Records shown:
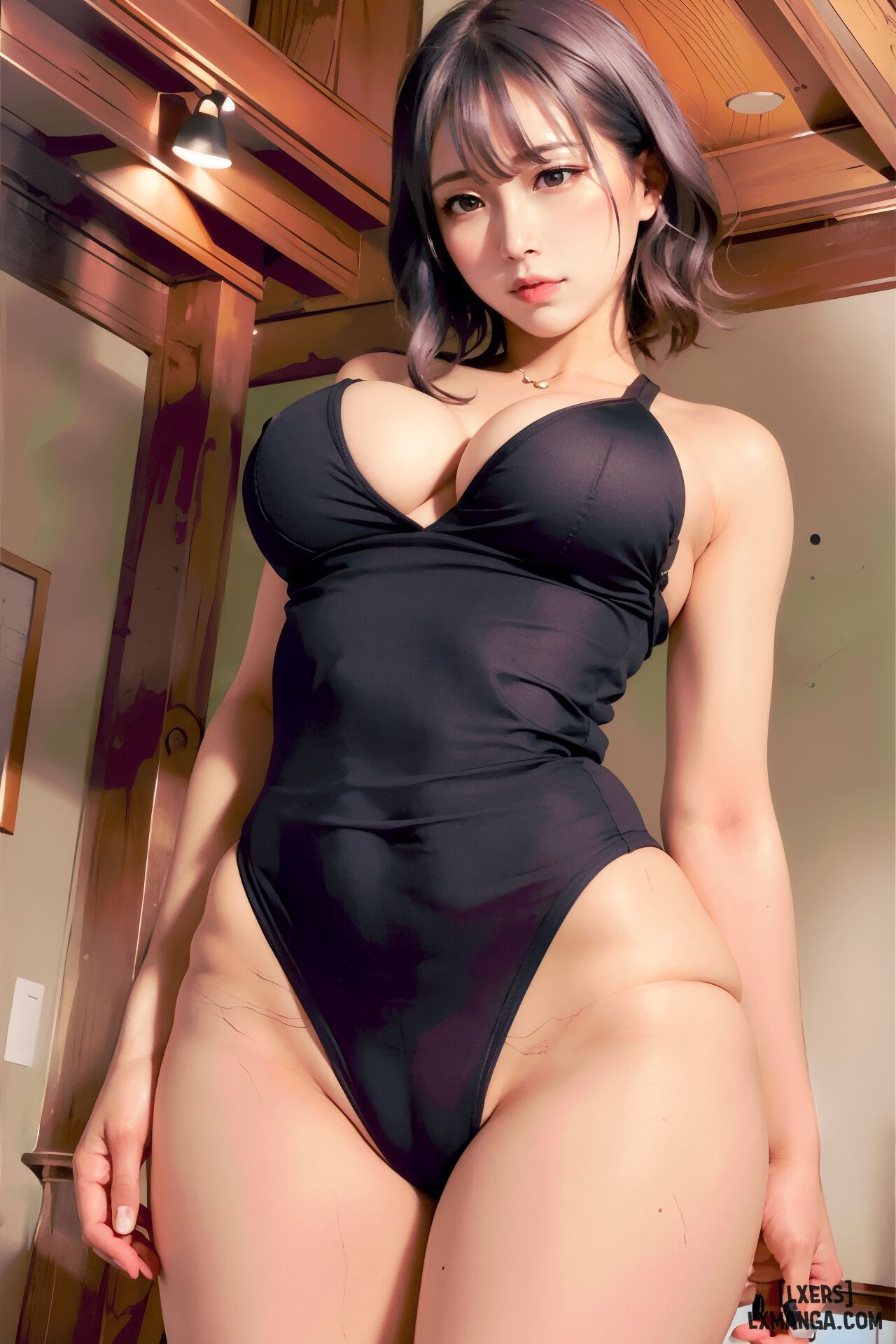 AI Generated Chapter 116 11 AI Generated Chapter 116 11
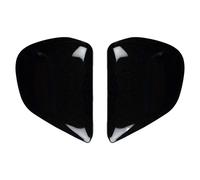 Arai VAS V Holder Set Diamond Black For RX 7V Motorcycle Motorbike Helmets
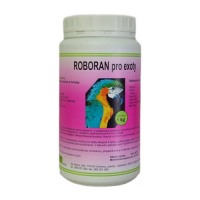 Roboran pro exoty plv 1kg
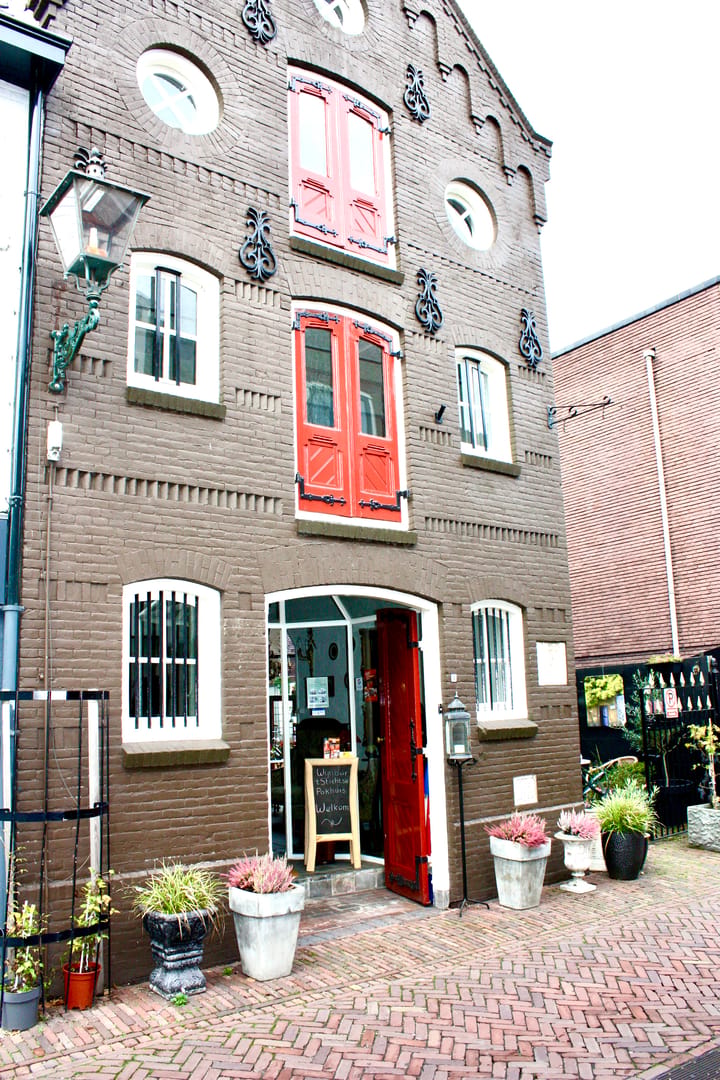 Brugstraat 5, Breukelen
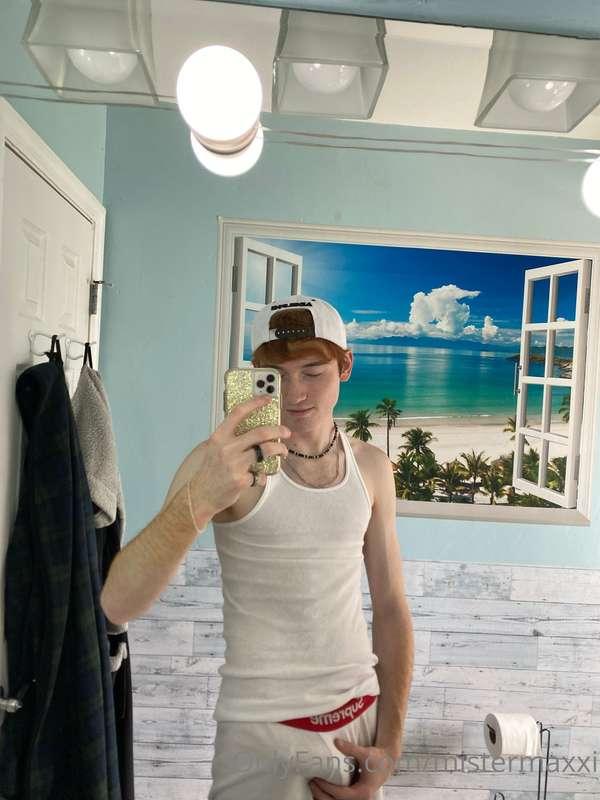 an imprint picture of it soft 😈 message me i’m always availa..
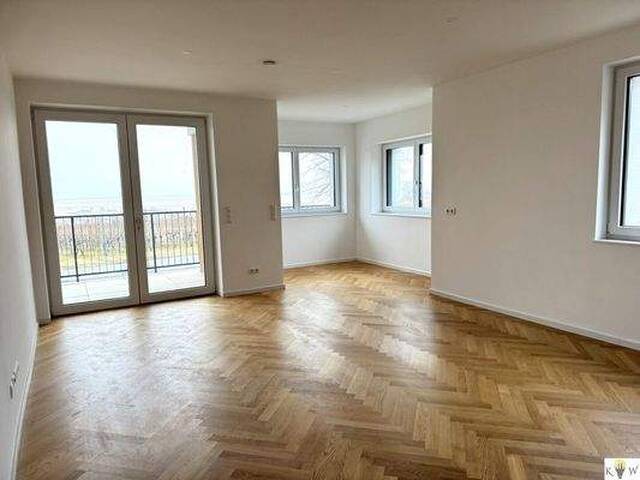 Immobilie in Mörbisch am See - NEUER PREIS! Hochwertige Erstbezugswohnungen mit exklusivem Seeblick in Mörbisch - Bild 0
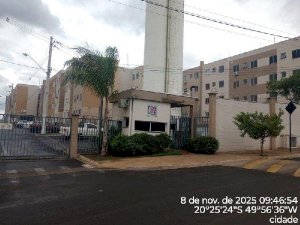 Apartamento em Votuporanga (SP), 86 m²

* * *

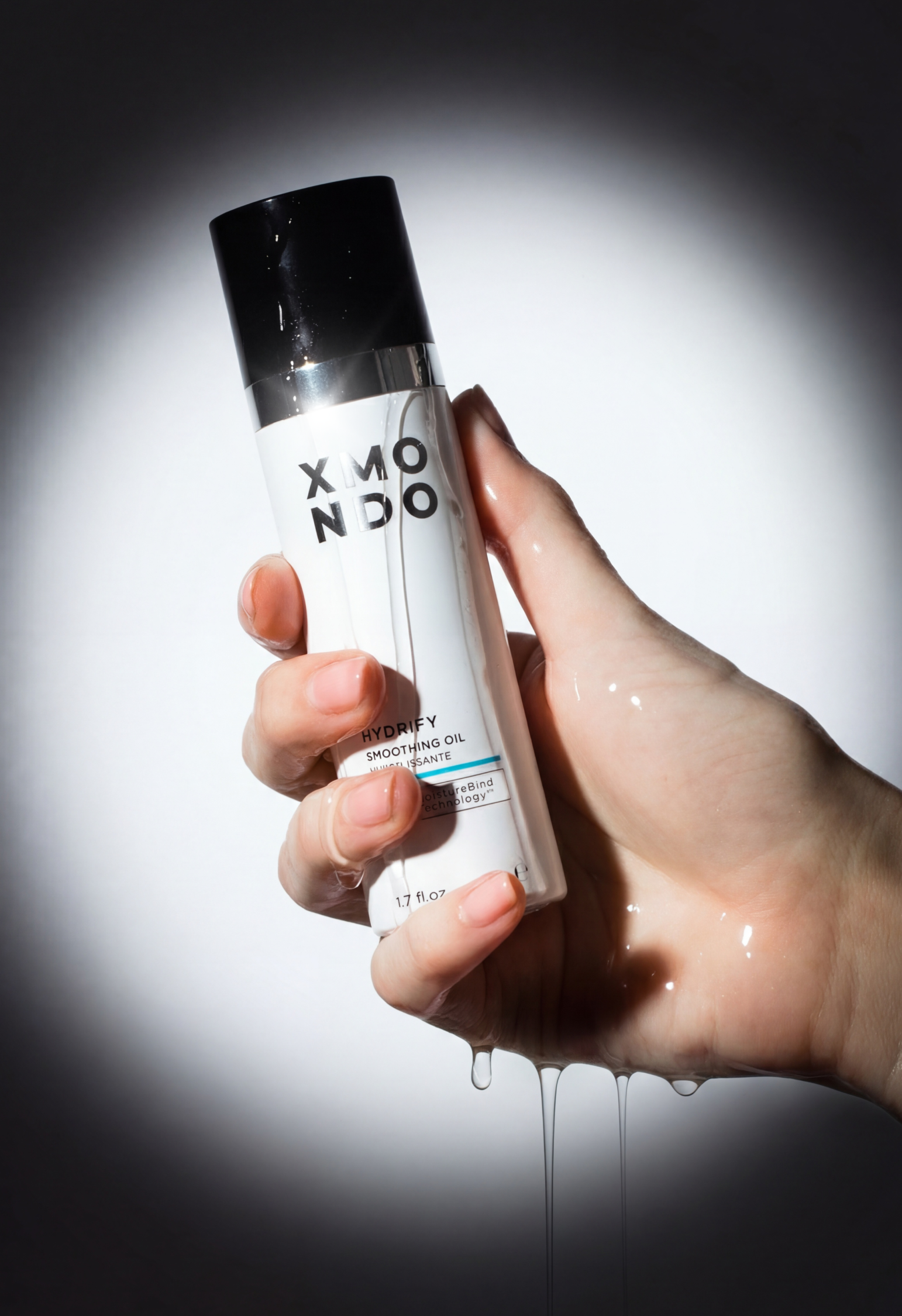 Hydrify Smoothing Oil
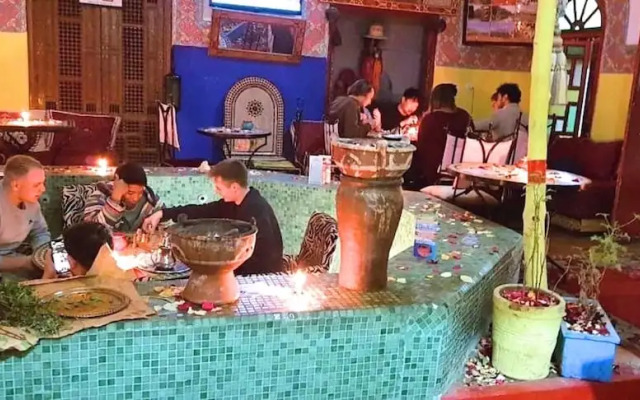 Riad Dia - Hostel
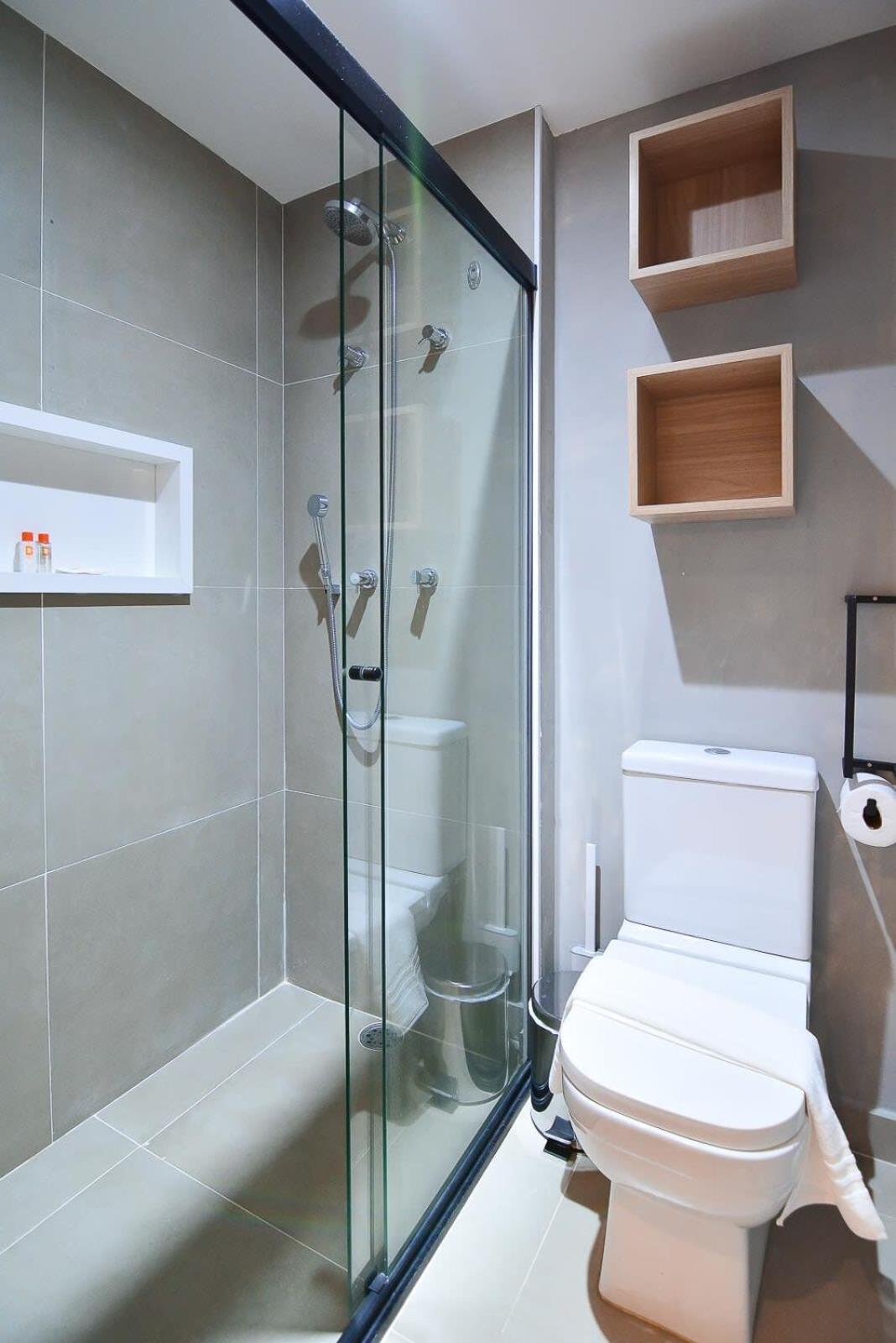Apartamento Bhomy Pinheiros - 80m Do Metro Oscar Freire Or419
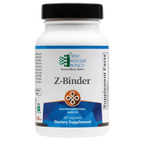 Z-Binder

Problem statement: Return only the stretch above from the line containing "Immobilie in Mörbisch" through the line containing "Apartamento em Votuporanga (SP), 86 m²", word for word and without pictures.

Final answer:
 Immobilie in Mörbisch am See - NEUER PREIS! Hochwertige Erstbezugswohnungen mit exklusivem Seeblick in Mörbisch - Bild 0
 Apartamento em Votuporanga (SP), 86 m²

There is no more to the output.